> **TASK PROMPT**
Give back the data below word for word. Any image in it should be left out.

Top of EXCERPTED RECORDS

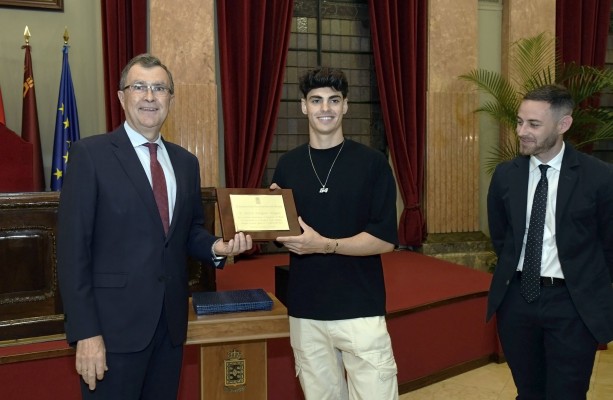 Fermín Aldeguer es recibido por el alcalde, que dice de él que es 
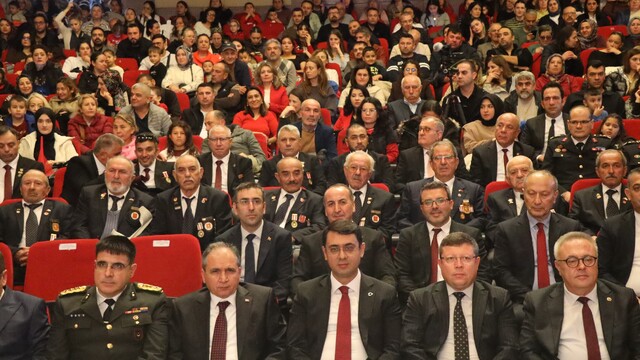 Uşak'ta Türkiye Cumhuriyetinin 103. yaşı coşkuyla kutlandı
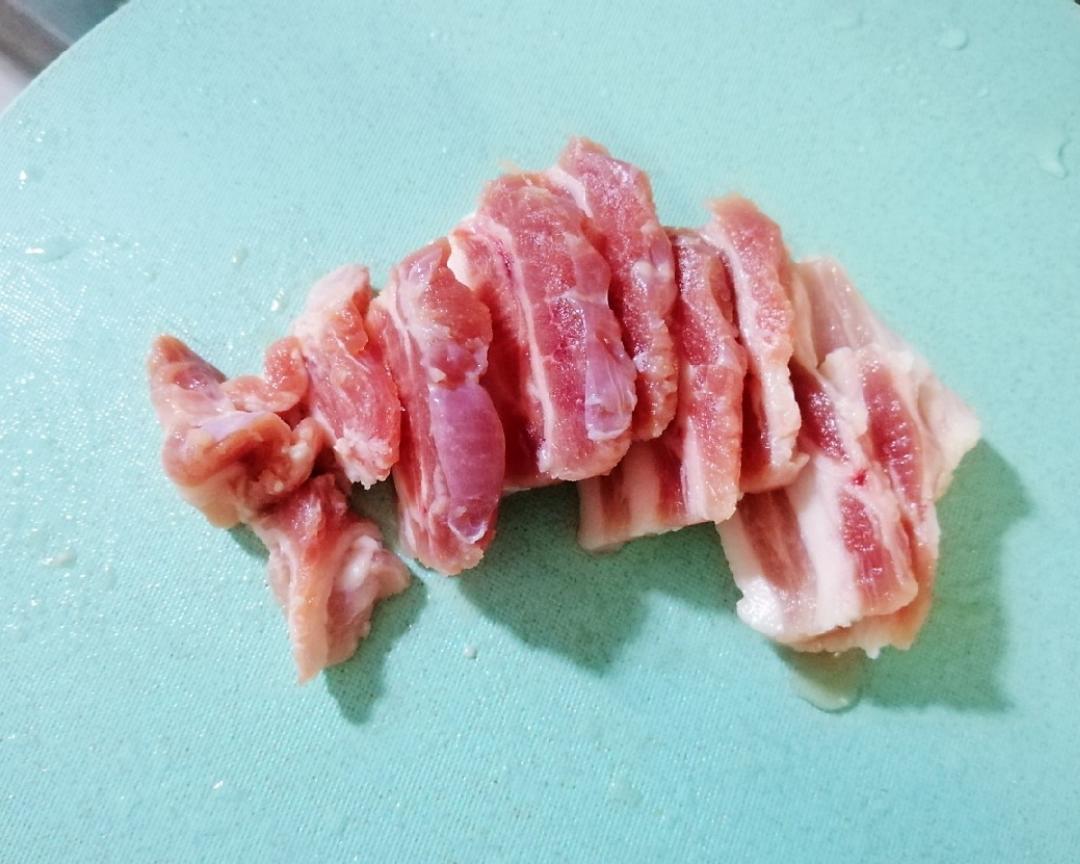 很香的白菜燉五花肉的做法 步驟1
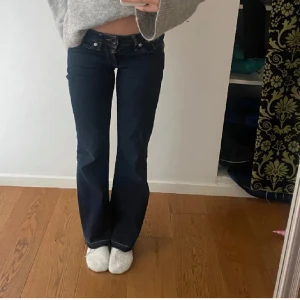 Lågmidjade jeans  - Lågmidjade jeans från G-star köpta här på plick som tyvärr inte passade mig. (Lånade bilder) 🩷🩷Midjemått: 36/37cm rakt över & innerbenslängd: 73/74 cm🩷Buda inte om du inte tänker köpa!!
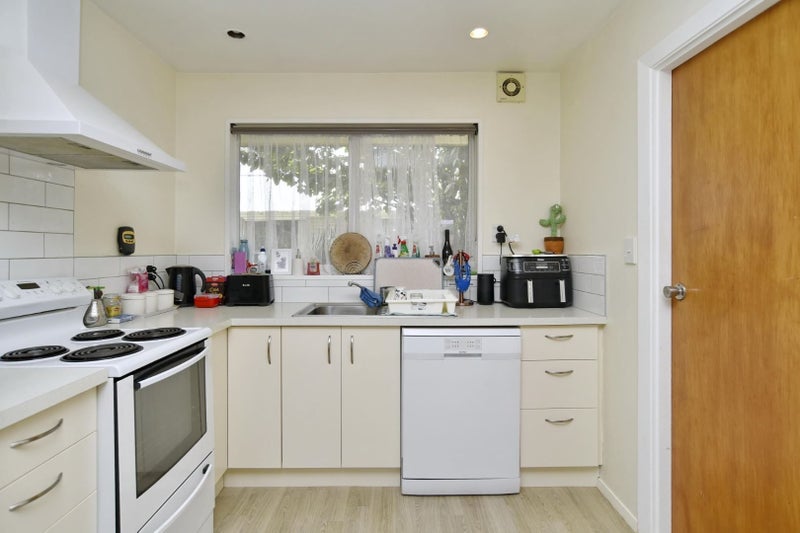 2/122A Hay Street, Bromley, Christchurch - Carousel 2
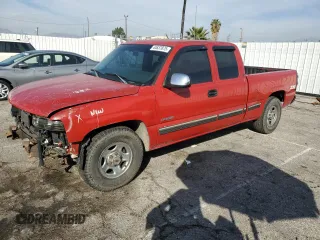 2002 Chevrolet Silverado 1500 LT with VIN 2GCEC19T021352339, listed as a Copart auction lot 44637875 with 217,086 mi miles and Salvage Title. Bid and sale history available at DreamBid. Image 1.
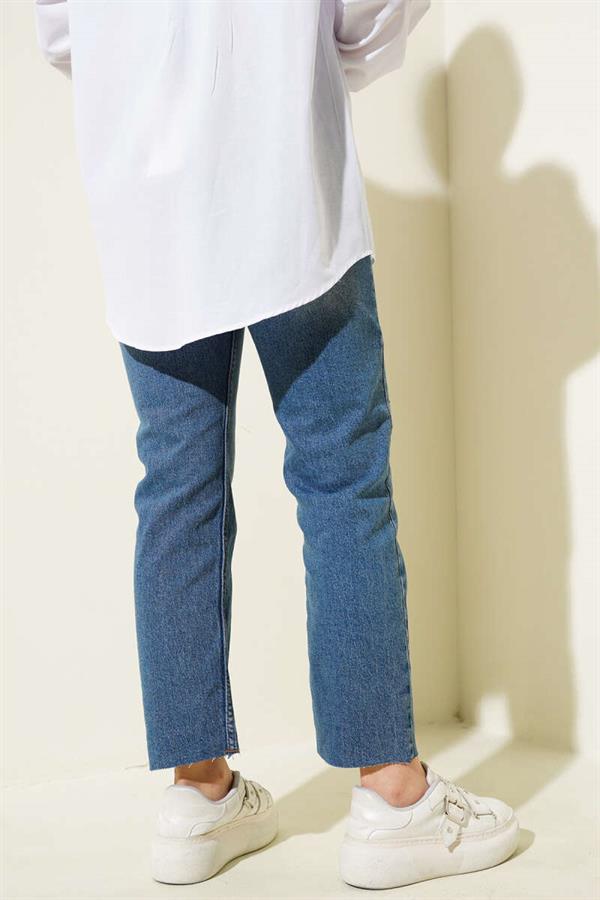 Frayed Detailed Cut Leg Jeans Blue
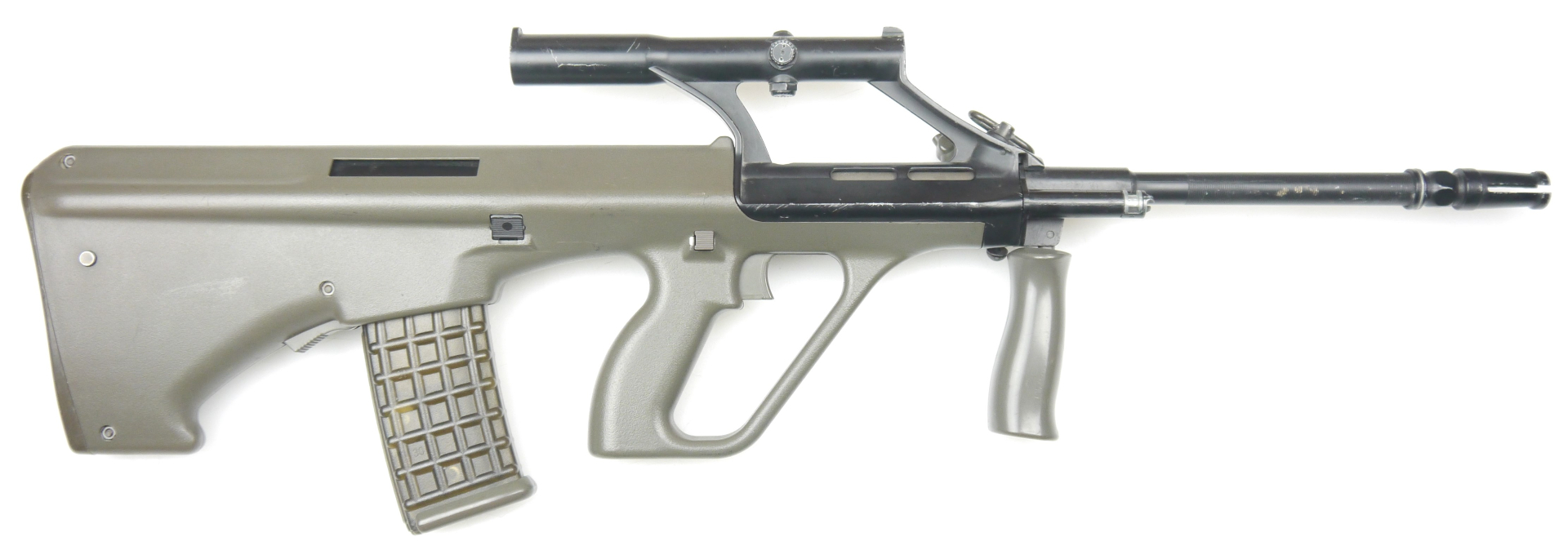 Где сейчас ауг. Steyr Aug a1. Австрийская штурмовая винтовка Aug. Steyr Aug a2 Carbine. Steyr Aug а3 CQC.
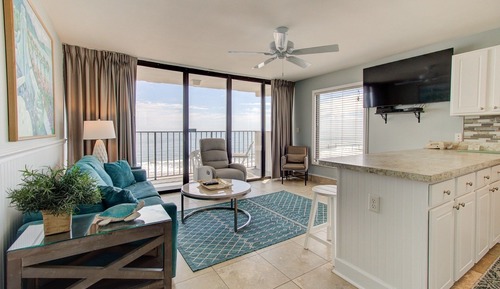 Condo, 2 Bedrooms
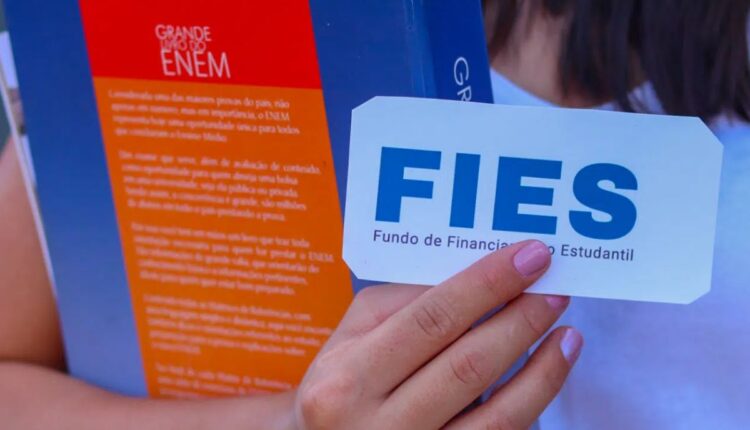 Dívidas com o Fies.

Bottom of EXCERPTED RECORDS

> **WRITTEN ANSWER**
 Fermín Aldeguer es recibido por el alcalde, que dice de él que es 
 Uşak'ta Türkiye Cumhuriyetinin 103. yaşı coşkuyla kutlandı
 很香的白菜燉五花肉的做法 步驟1
 Lågmidjade jeans  - Lågmidjade jeans från G-star köpta här på plick som tyvärr inte passade mig. (Lånade bilder) 🩷🩷Midjemått: 36/37cm rakt över & innerbenslängd: 73/74 cm🩷Buda inte om du inte tänker köpa!!
 2/122A Hay Street, Bromley, Christchurch - Carousel 2
 2002 Chevrolet Silverado 1500 LT with VIN 2GCEC19T021352339, listed as a Copart auction lot 44637875 with 217,086 mi miles and Salvage Title. Bid and sale history available at DreamBid. Image 1.
 Frayed Detailed Cut Leg Jeans Blue
 Где сейчас ауг. Steyr Aug a1. Австрийская штурмовая винтовка Aug. Steyr Aug a2 Carbine. Steyr Aug а3 CQC.
 Condo, 2 Bedrooms
 Dívidas com o Fies.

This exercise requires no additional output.